Foster's Fairplay | Principals' Principles
Foster's Fairplay is, not at this juncture, concerned with rights or wrongs of the ongoing squabble as they pertain to the eligibility of the Ugandan athlete, Ari Rodgers, to participate in the ISSA-GraceKennedy Boys & Girls' Championships next week. That aspect of the saga has been settled by the world-renowned event's governing body, the Inter-Secondary Schools Sports Association with Rodgers' school, Kingston College, coming out smiling.
The grimace, however, is on the face of the other school realistically contending Champs supremacy, Calabar High, whose five-year winning streak is under the hammer of a Kingston College, hungry to latch on to a major trophy. This has led to a scenario that is threatening discord and disarray amongst the supporters of the two factions. As reggae artiste George Nooks sang in the 70's, "Tribal War, wi nuh wan nuh more a dat."
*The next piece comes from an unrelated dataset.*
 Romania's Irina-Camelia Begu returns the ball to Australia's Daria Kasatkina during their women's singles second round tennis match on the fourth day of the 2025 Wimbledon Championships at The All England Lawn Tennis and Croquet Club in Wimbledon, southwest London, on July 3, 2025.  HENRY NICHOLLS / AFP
The principals of both schools are not looking good in all of this, as the punches and counterpunches are in the public space. Someone needs to take the time to alert them to the importance of the role that they are being compensated to play. They need to be seen primarily as promoting the establishment and maintenance of discipline, good order and industry. As far as their public profile on extraneous matters such as the Rodgers affair is concerned, there is a tolerance limit that is on the verge of being exceeded. A boiling point has been reached
In recent times, there are many acts of deviant behaviour among students, and some have led to disastrous outcomes. To address this, there have been initiatives like the appointment of guidance counsellors, Peace and Love in Schools (PALS) and the introduction of safety officers from the Jamaica Constabulary Force. Will it soon be necessary to institute similar moves to keep the principals at bay or away from each other's throats?
Foster's Fairplay firmly believes that now is the appropriate time to advise the combatants that adversity does not change you adversity actually reveals who you are. Individuals holding high offices should conduct themselves with the highest degree of ethics. Airing their grievances on radio programmes is not the decent way, as it does not send the correct message.
The ISSA rules, as they regard qualification to compete, are quite clear. One is hard-pressed to recall an occasion when their implementation has been mired in such controversy as in this matter regarding the Ugandan athlete. If the latest ruling can give rise to this type of confrontation that puts one school's top administrator up in arms with his counterpart elsewhere, maybe it is time to design an alternative strategy. The fact that the students could attempt to justify their sometimes recalcitrant behaviour on the grounds of "Is the same thing Sir did on TV last night" provides just cause.
Foster's Fairplay suggests that disputes such as the on-going one should be discussed and settled by a designated body, far removed from the schools' administration. The latter should be left to cater to the diverse demands of educating students and preparing them for the wider world.
There can be no doubt that Champs is a blessing to be nurtured and cherished. However, it tends to bring out some disturbing traits in some of the persons involved in its structure and execution.
When consulted by Foster's Fairplay, a former Calabar athlete, coach Vaughn, now plying his trade conditioning athletes in Florida, USA, commented, "I have come to see that the championships is but a drop in the bucket of our life experience. Life is bigger than any Champs win. The adults in this should be ashamed of themselves."
Champs too sweet, take the bitterness elsewhere.